The gay community and its allies are furious about the recent brief defending the Defense of Marriage Act (DOMA). Particularly infuriating was the inference that gay marriage equates with incest.
Those of us who think that torture should be fully investigated are upset about Obama’s unwillingness to pursue the matter. The u-turn he took regarding the release of torture photographs was frustrating to say the least.
Some of the reaction has been nasty. I’ve seen “f-you Obama” posts. I’ve read a litany of articles on how the gay community needs to dump Obama and the democrats. One writer even went so far as to wax nostalgic for the Bush administration – at least we knew they were going to screw us.

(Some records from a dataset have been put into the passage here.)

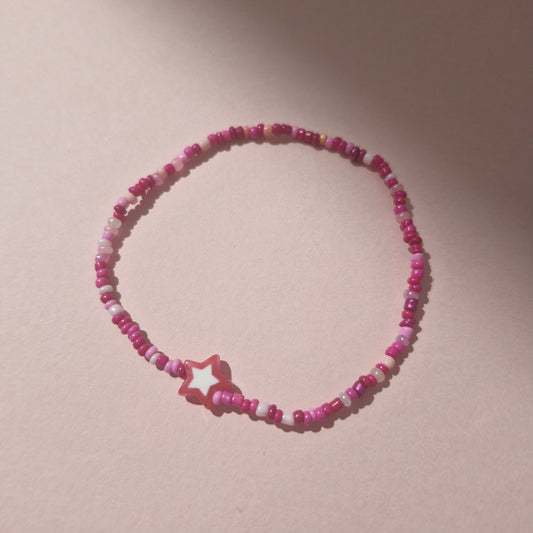 Pink Friendship Bracelet With A Pink Star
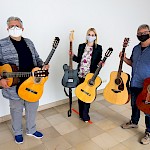 Kulturgesellschaftsgeschäftsführer Markus Müller, Verwaltungsleitung Nadine Petry und Musikschuldozent Peter Knerner freuen sich über die Gitarren
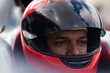 © KOTO - Close up of racer wearing helmet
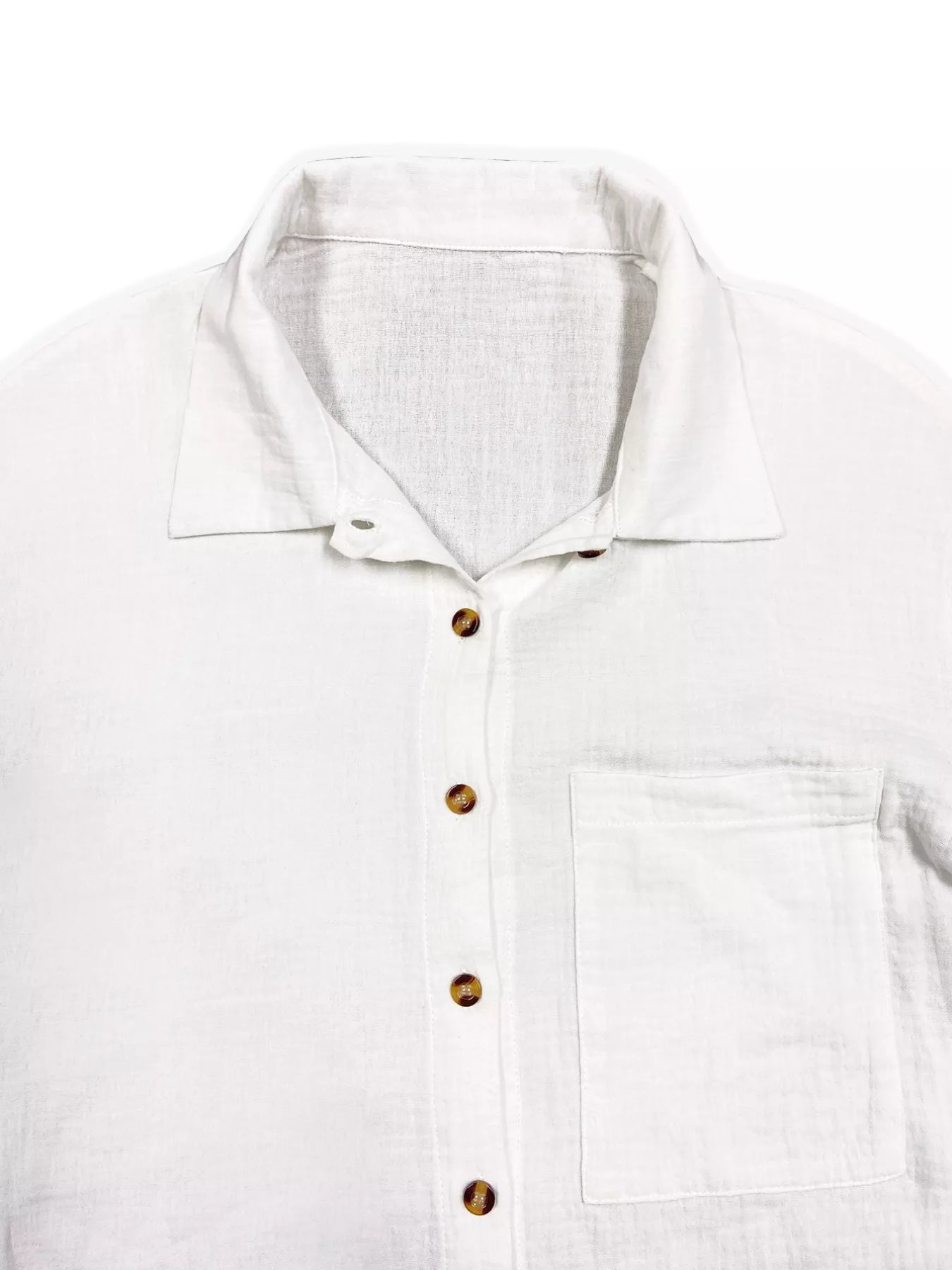 White linen button-up shirt with brown buttons and chest pocket.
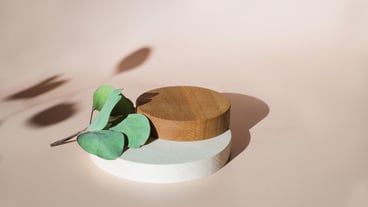 Empty wooden podium beige background Product presentation with flowers and leaves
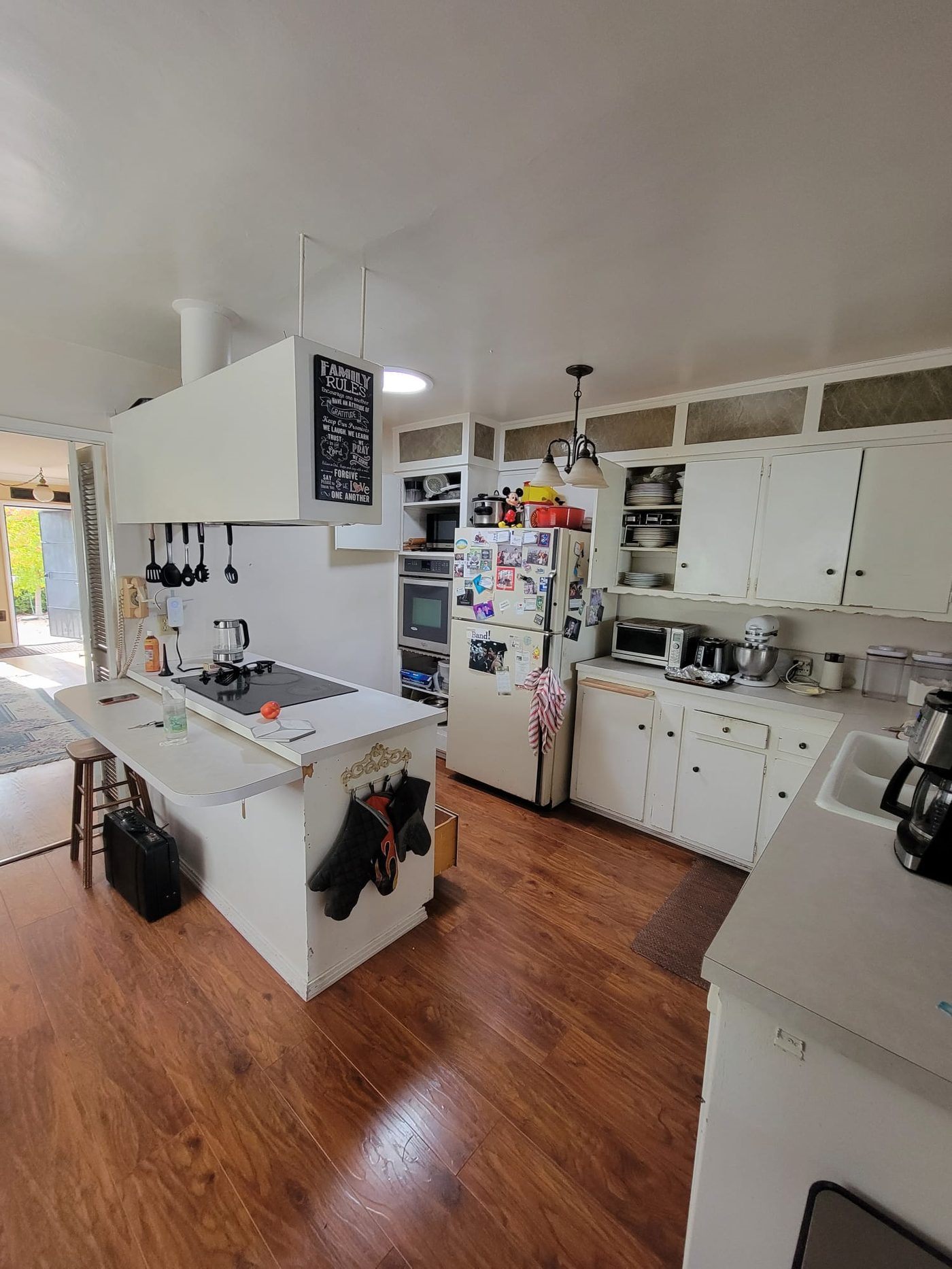 Before: original Proft kitchen with white cabinets, dated lighting, and white peninsula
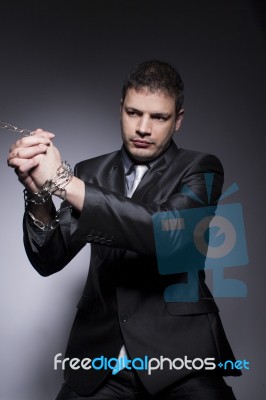 His Hands Are In Chains Stock Photo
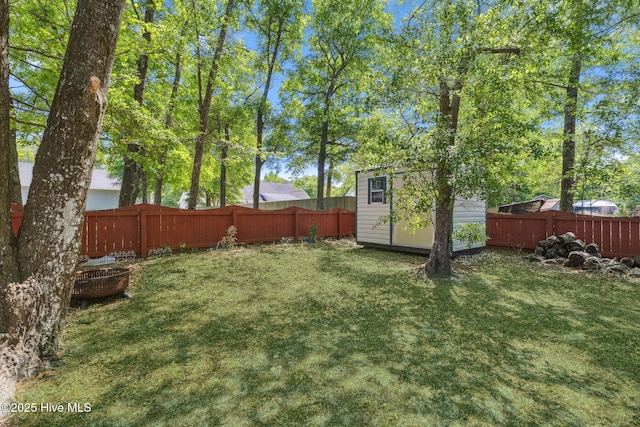 view of yard featuring a fenced backyard, an outbuilding, and a shed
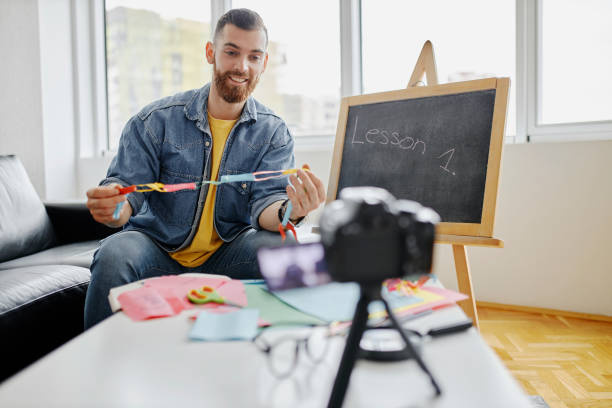 istock Man recording educational video for his vlog on camera 1312671300
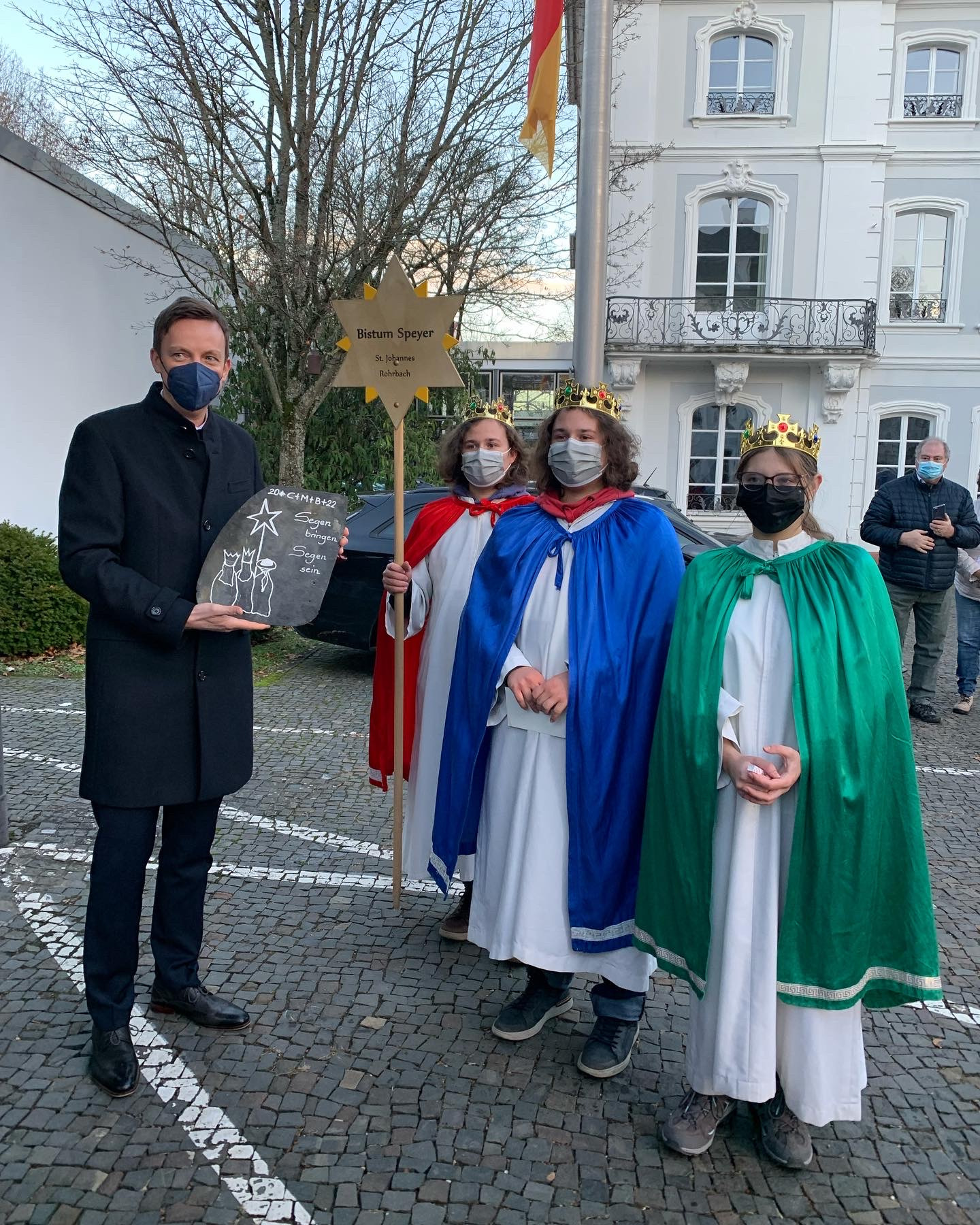 Sternsinger Damian, Jan und Mona aus St. Ingbert-Rohrbach (Bistum Speyer) überreichen Hans eine Schieferplatte des renovierten Kirchendaches. Foto: Ute Kirch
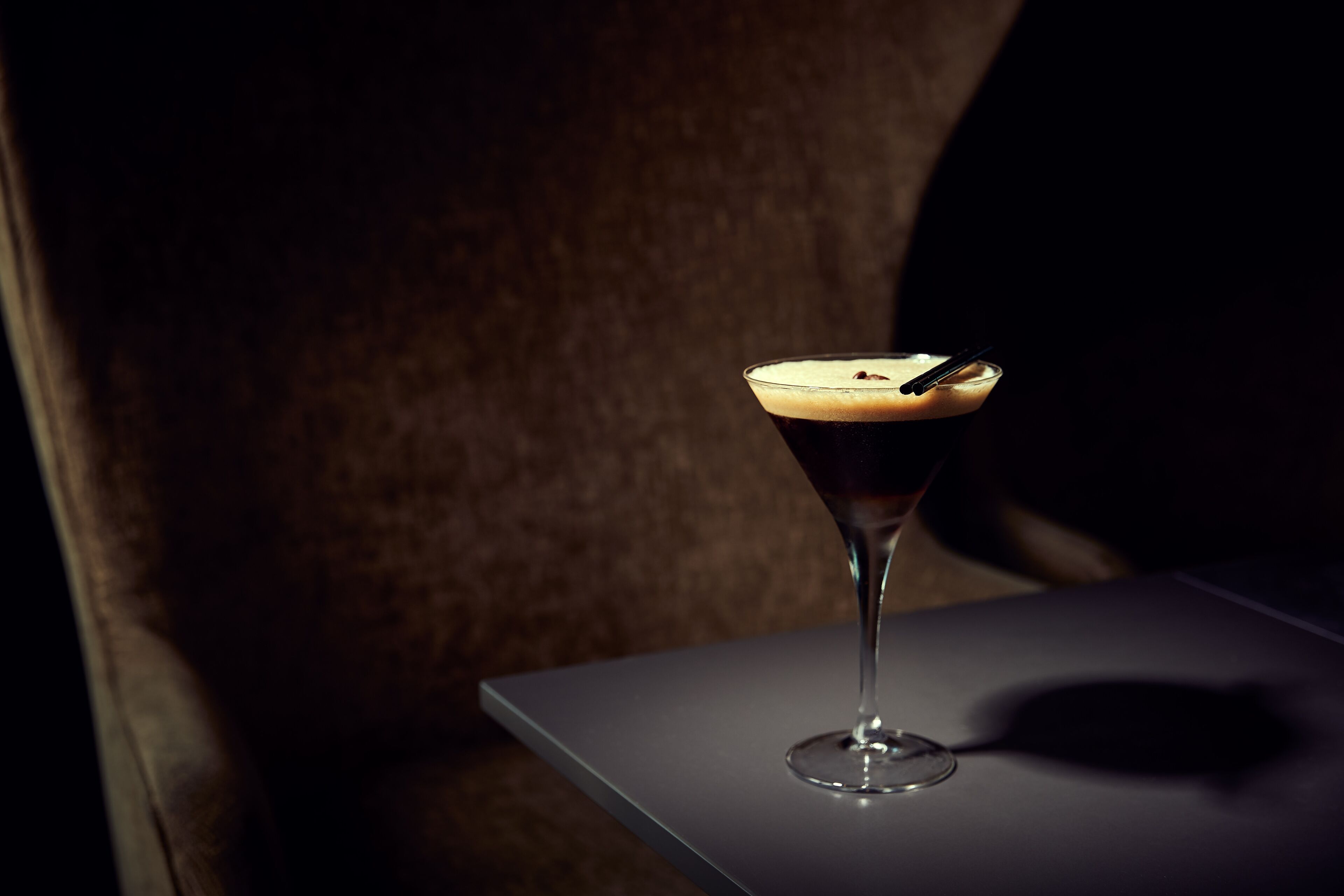 A martini glass with a frothy top on a table.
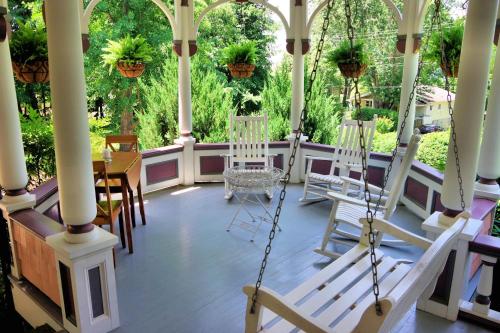 a porch with white chairs and a swing at Beaufort House Inn in Asheville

Then there are Obama’s unwavering defenders. When Bill Maher criticized Obama for not pushing hard enough for health care and cutting carbon emissions, he received a barrage of calls from Obama supporters.
In response, Bill Maher said “He’s your president, not your boyfriend.”
Which reminded me of the part in Sexaholix, where John Leguizamo talks about falling in love with his girlfriend. He fell in love with her because she “calls me on my bullshit, but is sweet about it.”
Real support means calling people on their bullshit, not blindly supporting every stupid thing they do.
More importantly, we don’t need to chose friend or foe. It doesn’t make you a foe if you criticize the president. It doesn’t make you a friend if you don’t. In fact, Obama needs us to be vocal and pushy. The people who don’t want to see his promises fulfilled certainly will be.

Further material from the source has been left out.